AURA was an open-label dose-escalation and dose-expansion study of osimertinib in adult patients with locally advanced or metastatic NSCLC, who had EGFR-TKI-sensitizing mutations or who had received prior clinical benefit from EGFR-TKI treatment, and who had disease progression while receiving previous treatment with an EGFR-TKI (ClinicalTrials.gov ID: NCT01802632) [10]. The study was conducted across seven sites in the USA, UK, Spain, and South Korea. Patients who received the study drug were invited to participate in the qualitative sub-study [3].

ARCTIC

ARCTIC was a randomized, open-label study in adult patients with locally advanced or metastatic NSCLC, who did not have EGFR tyrosine kinase-activating mutations or anaplastic lymphoma kinase rearrangements, and who had received at least two prior systemic anti-cancer regimens, including one platinum-based chemotherapy (NCT02352948) [11, 12]. ARCTIC assessed the clinical activity and safety of durvalumab versus standard of care (erlotinib, gemcitabine, or vinorelbine) in patients with ≥25% of tumor cells (TCs) expressing PD-L1, and the combination of durvalumab and tremelimumab versus standard of care in patients with <25% of TCs expressing PD-L1 [11]. The study was conducted in 26 countries across North America, Latin America, Asia, and Europe. Patients who were interested in participating in the sub-study were identified during the clinical trial recruitment and enrollment procedures at 14 participating sites across the USA, UK, and Canada.

Interviews

Study coordinators invited all patients being enrolled in the AURA and ARCTIC clinical trials to participate in the qualitative interviews. All patients who accepted participation were interviewed. Patients declined participation if they felt too ill or had competing concerns about disease progression and had other overriding concerns and needs. All patients who accepted participation were interviewed. No tracking was done regarding responder status from the clinical trial data as it did not directly relate to the purpose of the qualitative interviews.

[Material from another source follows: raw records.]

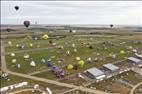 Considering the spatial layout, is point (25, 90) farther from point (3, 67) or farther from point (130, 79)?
→ point (130, 79)

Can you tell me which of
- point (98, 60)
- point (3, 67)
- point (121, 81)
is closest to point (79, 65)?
point (98, 60)

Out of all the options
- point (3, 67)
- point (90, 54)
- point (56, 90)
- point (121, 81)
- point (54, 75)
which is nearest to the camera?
point (56, 90)

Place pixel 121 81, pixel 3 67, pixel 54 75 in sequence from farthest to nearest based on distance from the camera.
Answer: pixel 3 67 → pixel 54 75 → pixel 121 81

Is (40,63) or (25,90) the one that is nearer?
(25,90)

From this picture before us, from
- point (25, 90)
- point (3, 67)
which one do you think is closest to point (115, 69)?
point (25, 90)

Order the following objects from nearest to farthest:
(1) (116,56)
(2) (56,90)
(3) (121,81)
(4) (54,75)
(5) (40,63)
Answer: (2) (56,90) < (3) (121,81) < (4) (54,75) < (5) (40,63) < (1) (116,56)

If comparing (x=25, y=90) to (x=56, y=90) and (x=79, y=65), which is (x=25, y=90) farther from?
(x=79, y=65)

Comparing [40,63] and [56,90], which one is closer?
[56,90]

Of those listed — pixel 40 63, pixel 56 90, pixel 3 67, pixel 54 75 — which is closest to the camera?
pixel 56 90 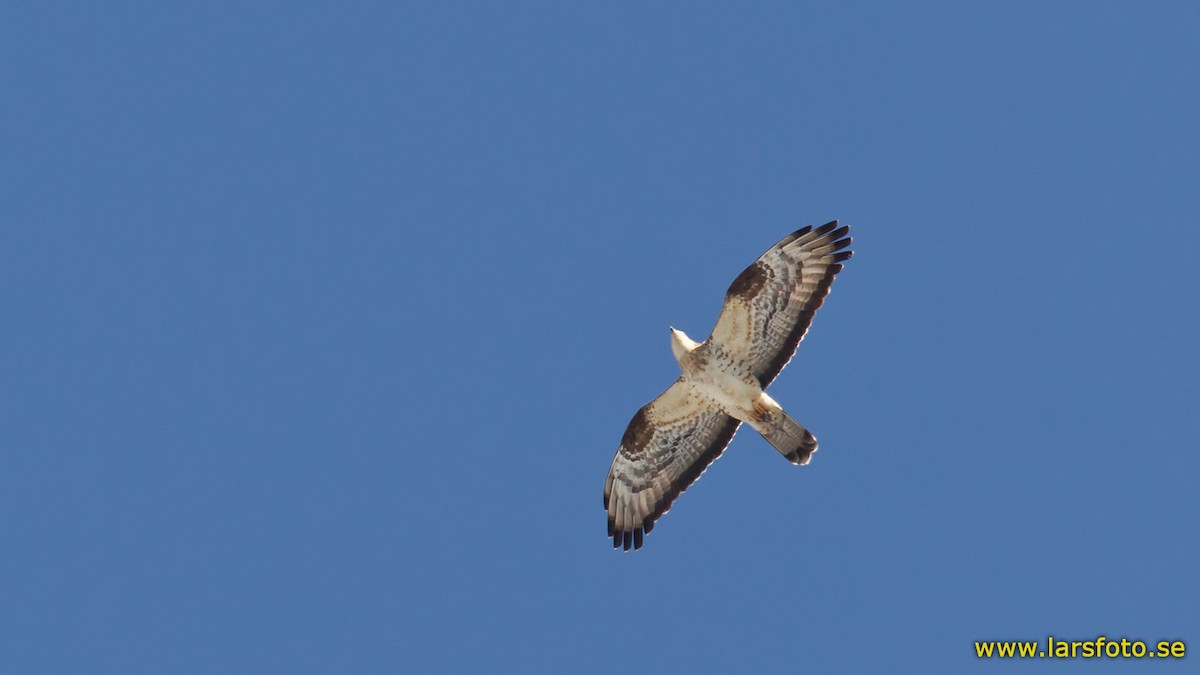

For the current qualitative analyses, data were obtained from telephone interviews conducted approximately 4 to 6 weeks after the initiation of study treatment. Each individual interview lasted approximately 30 min. During the interviews, patients were asked to describe a typical day before and during clinical trial participation, and how they experienced symptoms of NSCLC at these two time points. Patients were first asked to describe their symptoms (spontaneously and then probed), and were then asked to describe what the symptom feels like, the frequency and duration of the symptom, symptom severity, and how bothersome the symptom is. Follow-up interviews (after approximately 4 months of treatment), which were conducted to detect any longitudinal differences, do not form part of the current report. In each of the two studies, four different interviewers conducted the qualitative interviews. The interviewers were experienced in qualitative interview techniques and had received training on how to use the interview guides through a process of mock interview sessions.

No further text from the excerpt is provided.